FAST: a machine to detect people who will soon break the law

By Eko Armunanto
From "Minority Report" science-fiction movie to fact, scientists working for U.S. Department of Homeland Security (DHS) tried to predict the future at an undisclosed location in a northeastern metropolis.

They used no psychics or crystal balls, just a battery of sensors designed to determine human intention through the subtlest of changes in heart rate, gaze, and other physiological markers. The sensors are called Future Attribute Screening Technology (FAST), a $20 million federal project that aims to highlight airport passengers whose bodies betray hostile intentions. FAST has the potential to detect terrorists in the final minutes before they act, but critics warn that the system may have other consequences, such as flagging innocent travelers through false positives while letting some with ill intent sneak by through false negatives. The DHS, for its part, maintains that FAST is merely improving on a far older and more fallible crime predictor: human judgment.

DHS internal documents indicated a controversial program designed to predict whether a person will commit a crime was already being tested on some people voluntarily.
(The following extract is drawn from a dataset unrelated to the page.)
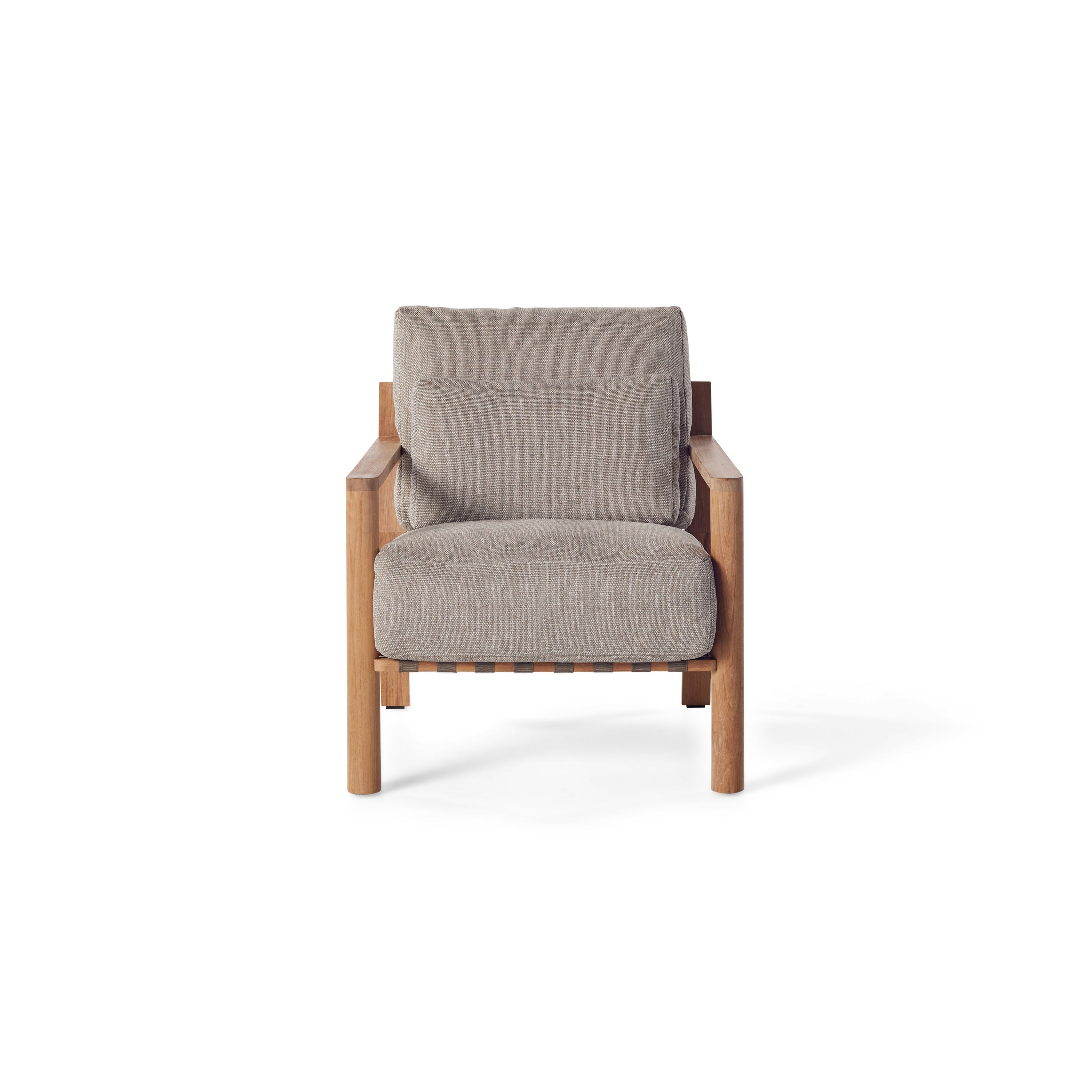 Aptos Lounge Chair by Terra Outdoor Living — crafted from premium plantation-grown teak, featuring a European-inspired compact silhouette and angled back for maximum comfort; includes one seat cushion, one back cushion, and one lumbar pillow in weather-friendly olefin, offering a perfect combination of softness and support, ideal for pairing with other Aptos seating components for a customized configuration.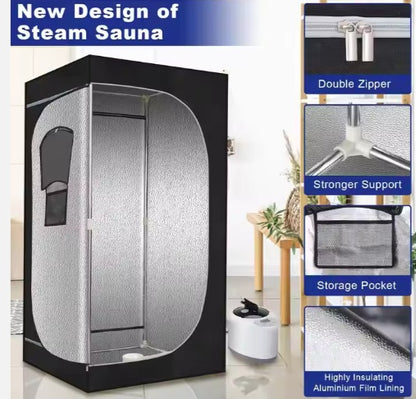 Portable Steam Full-Body Sauna Tent With 2.6L Steamer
Unlike Tom Cruise movie called "Minority Report" that enlisted psychics to predict crimes (Pre Crime), DHS was betting on algorithms: it created a prototype screening facility that will use factors such as ethnicity, gender, breathing, and heart rate to "detect cues indicative of mal-intent".

In the document, FAST program manager Robert Middleton Jr. refers to a limited initial trial using DHS employees as test subjects. Middleton said FAST sensors will non-intrusively collect video images, audio recordings, and psychophysiological measurements from the employees, with a subgroup of employees singled out, with their permission, for more rigorous evaluation. It was designed to track and monitor, among other inputs, body movements, voice pitch changes, prosody changes (alterations in the rhythm and intonation of speech), eye movements, body heat changes, and breathing patterns. Occupation and age are also considered. A government source said that blink rate and pupil variation are measured too.

DHS science spokesman John Verrico stated that preliminary testing had demonstrated 78% accuracy on mal-intent detection and 80% on deception. However, this was not a controlled, double-blind study, and researchers from Lawrence University and the Federation of American Scientists have questioned its validity without further evidence.

The technology would mostly be used at airports, borders, and special events. The mobile units transmit data to analysts, who use a system called MALINTENT to recognize, define and measure seven primary emotions and emotional cues that are reflected in contractions of facial muscles. Results are transmitted back to screeners.

Calling the methods as similar to Lie Detector, some scientists question whether there really are unique signatures for malintent — DHS' term for the intention to cause harm — that can be differentiated from the normal anxieties of travel.

"Even having an iris scan or fingerprint read at immigration is enough to raise the heart rate of most legitimate travelers," says Tom Ormerod from the Investigative Expertise Unit at Lancaster University.